## TASK OBJECTIVE
Please print, exactly as written, the line containing "Gift Flower Bouquet/Arrangement" and each line after it through the end of the material; pictures stay out.

____________________

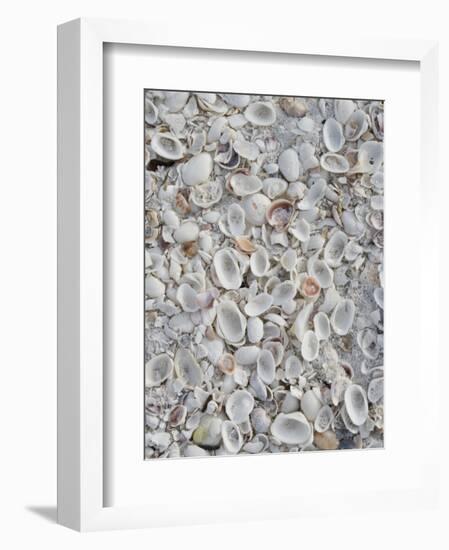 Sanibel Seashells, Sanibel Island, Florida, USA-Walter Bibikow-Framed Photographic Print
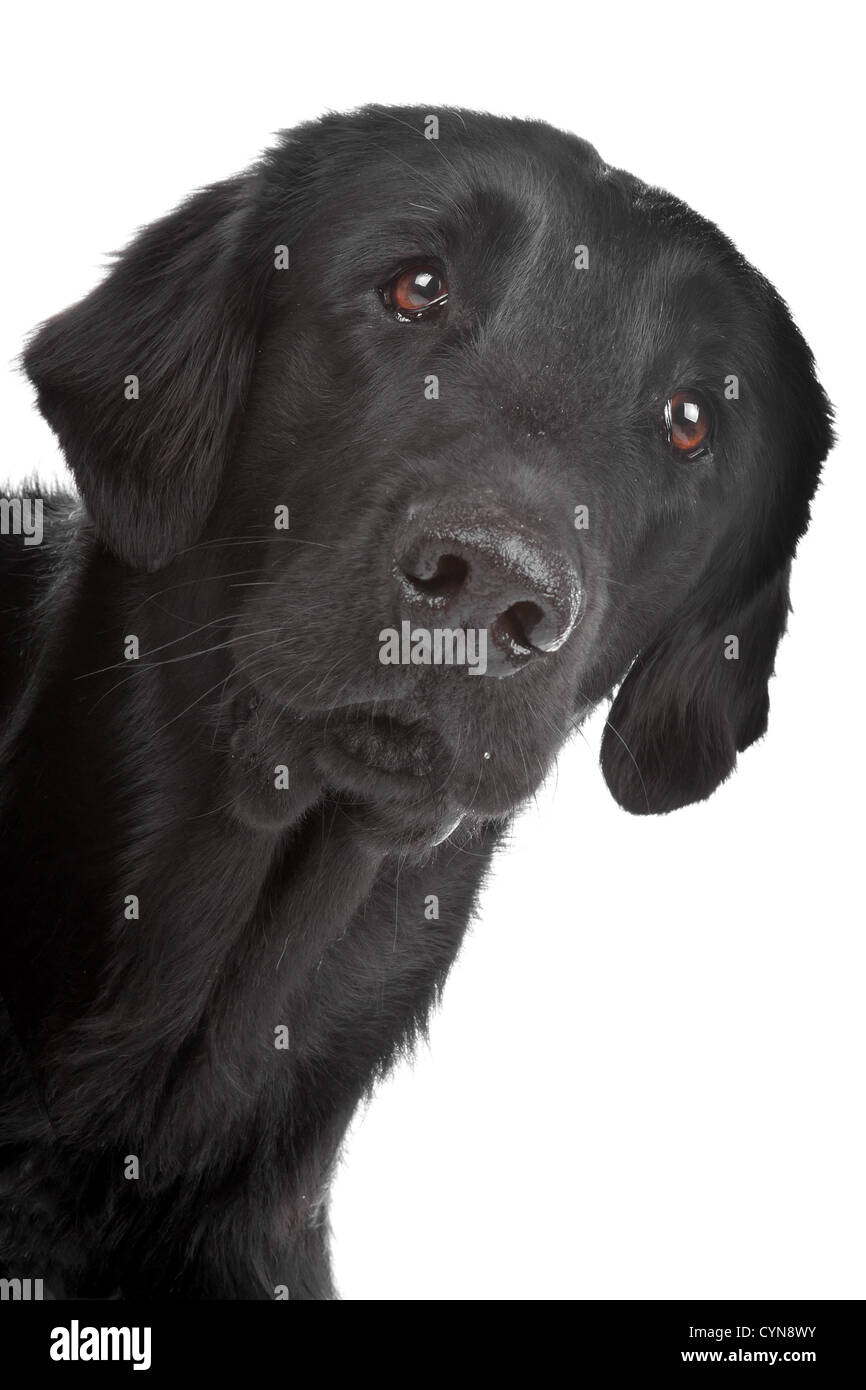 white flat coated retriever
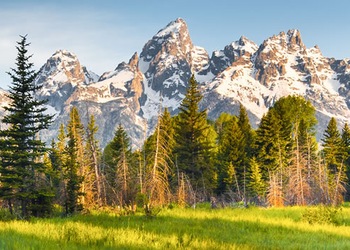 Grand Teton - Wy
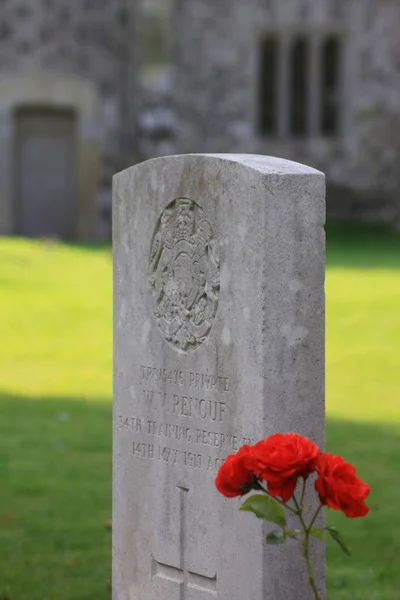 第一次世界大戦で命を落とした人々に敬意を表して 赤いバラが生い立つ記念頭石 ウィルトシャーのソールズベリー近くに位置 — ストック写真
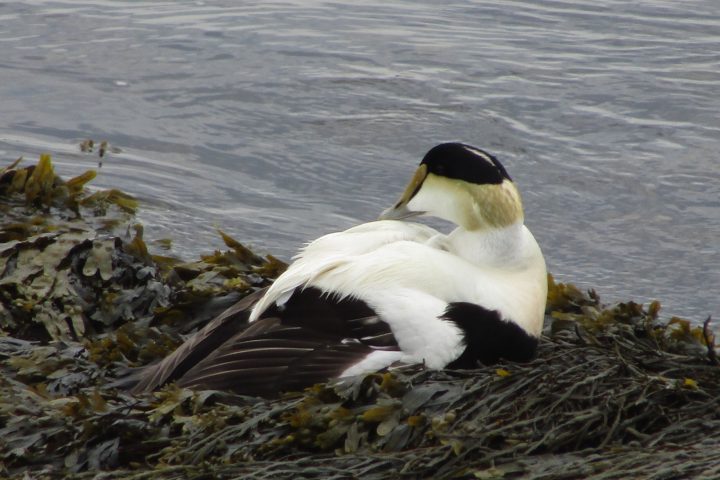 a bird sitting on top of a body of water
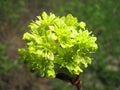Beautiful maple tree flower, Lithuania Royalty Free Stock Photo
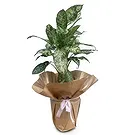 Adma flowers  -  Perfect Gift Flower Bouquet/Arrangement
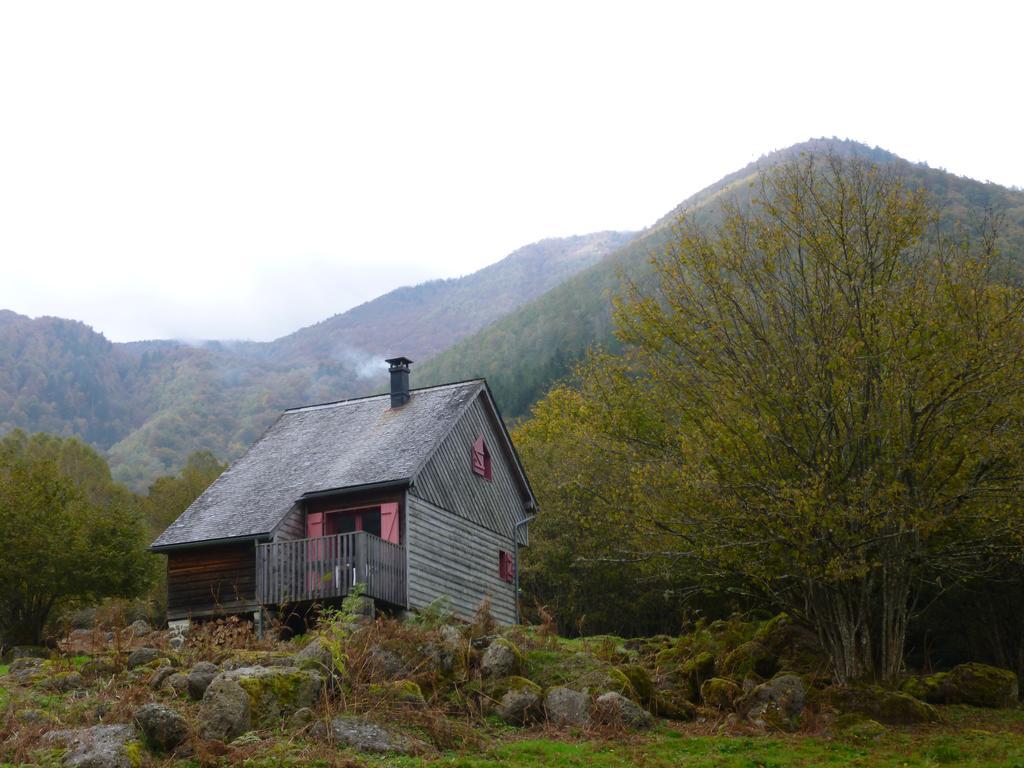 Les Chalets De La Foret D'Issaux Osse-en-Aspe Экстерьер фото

____________________

## EXPECTED ANSWER
 Adma flowers  -  Perfect Gift Flower Bouquet/Arrangement
 Les Chalets De La Foret D'Issaux Osse-en-Aspe Экстерьер фото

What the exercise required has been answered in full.